Gradient Boosting: Principles & Implementation

Photo by Haithem Ferdi

Introduction

Gradient Boosting (GB) is one of the most popular algorithms in the Machine Learning/Data Science community. You might heard about various version of boosting algorithms like Ada-boost, XG Boost, LG Boost, CatBoost. They are very famous for wining the Kaggle competition. In this article, I want to talk about the vanilla Gradient Boosting and it’s working principle with some mathematical background.

The fundamental working principle of the boosting algorithms is to combine a number of weak learner into a stronger ensemble. The boosting algorithms sequential trains the weak learners and repeat the process.

Let us straight dive into the algorithm and it’s working principle then it will make more sense to you. Below picture is captured from the Wikipedia article which shows the pseudo algorithm. You can also find the in-depth description on the original paper by Friedman (2001).

Algorithm Breakdown

Step 1:

Let’s look at the step one of the algorithm.

  1. Initialize model with a constant value:

\[F_0(x) = \underset{\gamma}{\operatorname{argmin}} \sum_{i=1}^{n}L(y_i, \gamma)\] In the first step we need to find the constant value to initialize our base learner/first weak learner. From the equation, we see that we need to find \(\gamma\) such that it minimized our loss function. Now, we need a loss function. Let’s assume we are working on the regression problem and we choose are loss function to be squared error(SE). Keep in mind, you can choose another loss function also. The formula for SE is:

\[SE = (y_i - \hat{y_i})^2\]

Here, we will replace \(\hat{y_i}\) with our \(\gamma\) and the function becomes: \[L_{SE} = (y_i - \gamma)^2\]

The question arises how we will find the value that minimized the loss function. Here, comes our old friend derivative. We will take derivative of the loss function with respect to \(\gamma\) and then equalize to zero to find the minimum value. The above SE equation only showed error for a observation. We have to sum the error of whole data to get total error. Therefore, the equation changes to:

\[\frac{\partial}{\partial {\gamma}} (\sum_{i=1}^n(y_i - \gamma)^2)\]

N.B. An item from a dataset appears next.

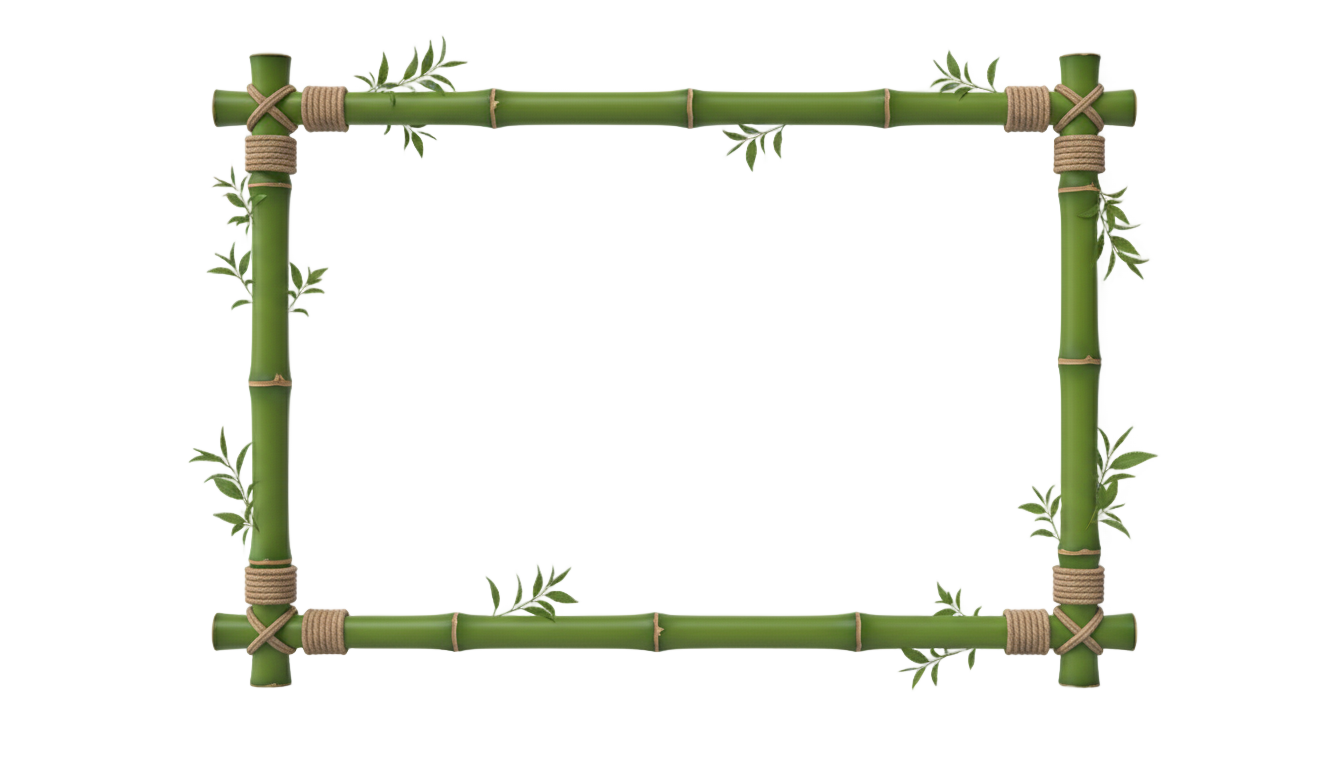 bamboo border design png PNG transparent background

Let’s apply chain rule and we will get:

\[2 \sum_1^n (y_i -\gamma) \left(\frac{\partial(y_i - \gamma)}{\partial{\gamma}}\right)\] \[2 \sum_1^n (y_i -\gamma) \left(\frac{\partial{y_i}}{\partial{\gamma}} - \frac{\partial{\gamma}}{\partial{\gamma}}\right)\] \[2 \sum_1^n (y_i -\gamma) (-1)\]

Now, to find the value of \(\gamma\) that minimized the function, we will equalize above equation with zero.

\[\Rightarrow -2 \sum_{i=1}^n(y_i-\gamma) = 0\] \[\Rightarrow \sum_{i=1}^ny_i - n\gamma = 0\] \[\gamma = \frac{\sum_{i=1}^ny_i}{n} \tag{1}\]

If you look at the \(Eq1\), you will see that \(\gamma\) is equal to the mean of the target value(considering this as a regression problem). Therefore, the predicted value of our first weak model is the mean of the dependent variable. Meaning, if we choose mean to be our base learners predicted value then it will minimize the loss.

Step 2:

In the step 2, we iterate the below process for \(M\) times. Here, \(M\) represents the number of trees one wants in their GB algorithm.

Step 2.1

In step 2.1, we are calculating the residual. We compute the pseudo-residual by taking the derivative of the loss function with respect to our previous prediction. Let’s look at the equation and mathematically derivative the equation:

\[r_{im} = -\left[ \frac{\partial L(y_i, F(x_i))}{\partial F(x_i)} \right]_{F(x) = F_{m-1}(x)} \text{for i=1,...,n} \tag{2}\]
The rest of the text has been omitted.